Word for word, restate the lines from the one containing "Black 4 Drawer" through the last line of the material, and include no pictures.

Information supplied →
^^^^^^^^^^^^^^^^

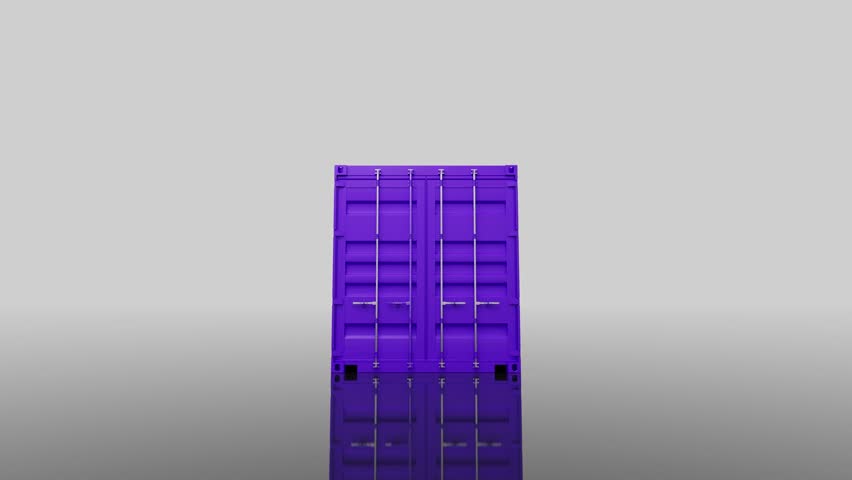 Purple intermodal shipping container rotating and opening metal doors, revealing shadowy interior against white background, showcasing global logistics and freight transport concept
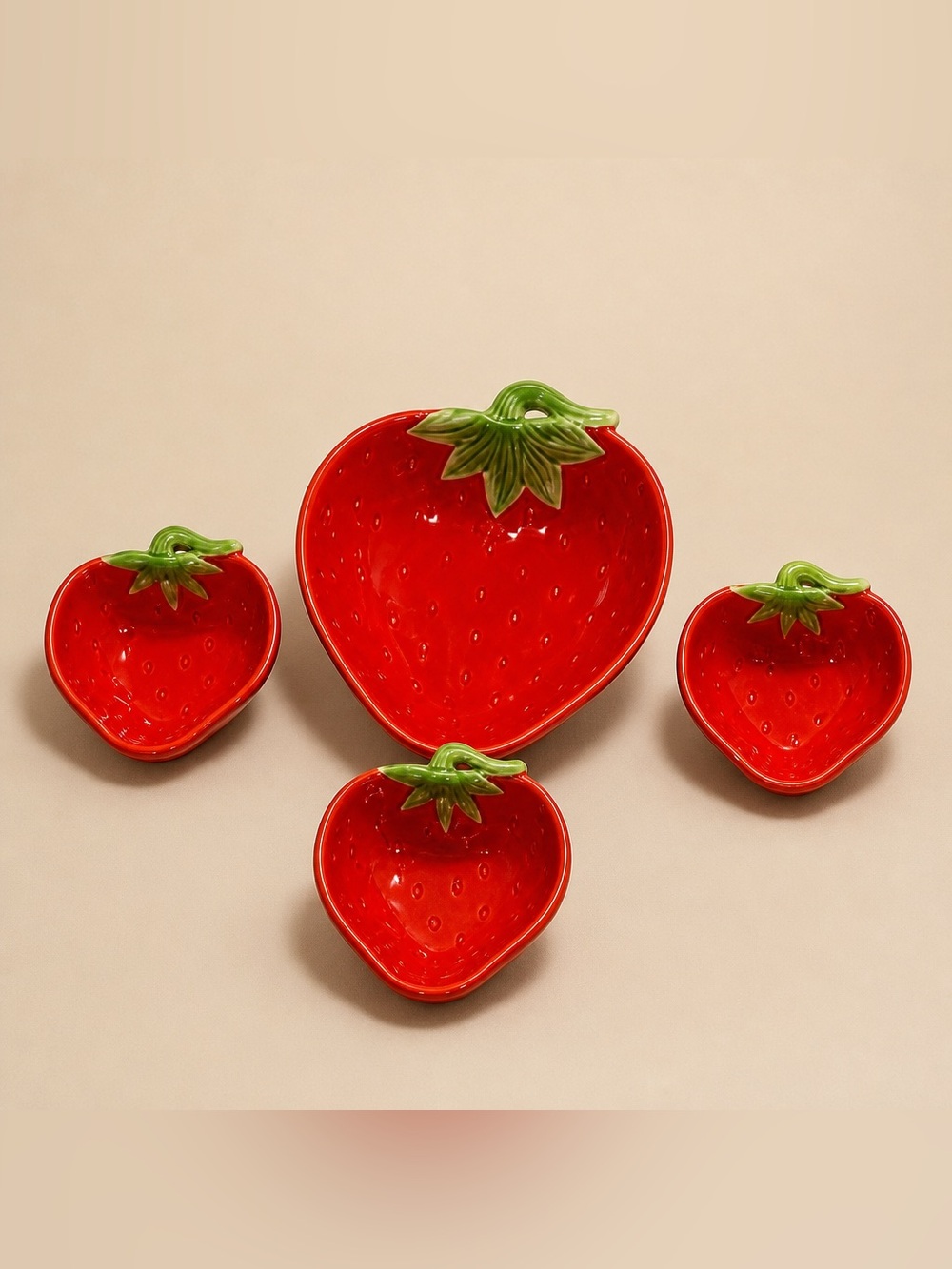 Pier 1 Wild Strawberry Shape Bowl Set Cottagecore Bowls Retro Summer Vibes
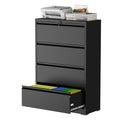 Black 4 Drawer Lateral File Cabinet with Lock B62034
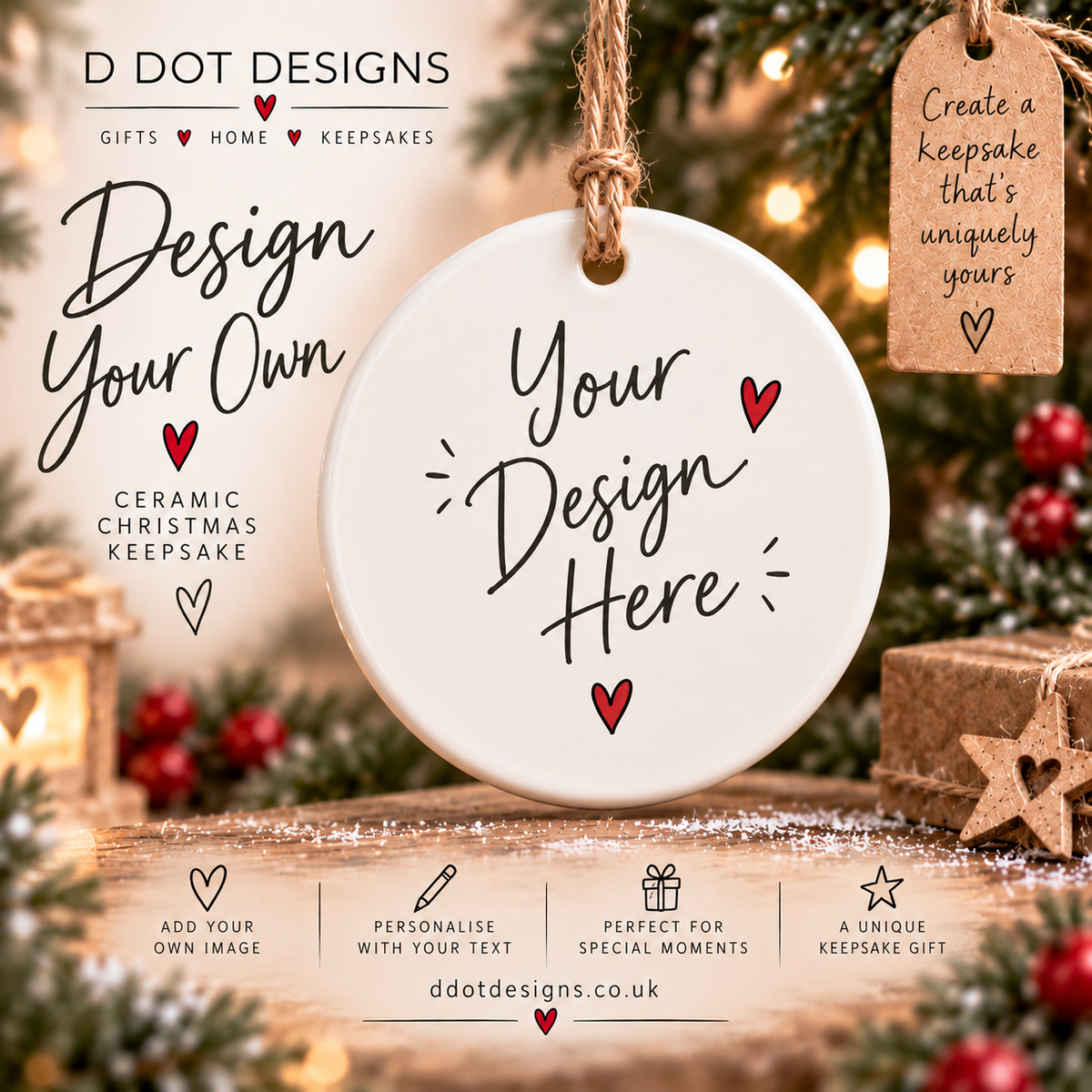 Bespoke Illustrated Christmas Keepsake - Created From Your Photo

^^^^^^^^^^^^^^^^

Answer to this task →
 Black 4 Drawer Lateral File Cabinet with Lock B62034
 Bespoke Illustrated Christmas Keepsake - Created From Your Photo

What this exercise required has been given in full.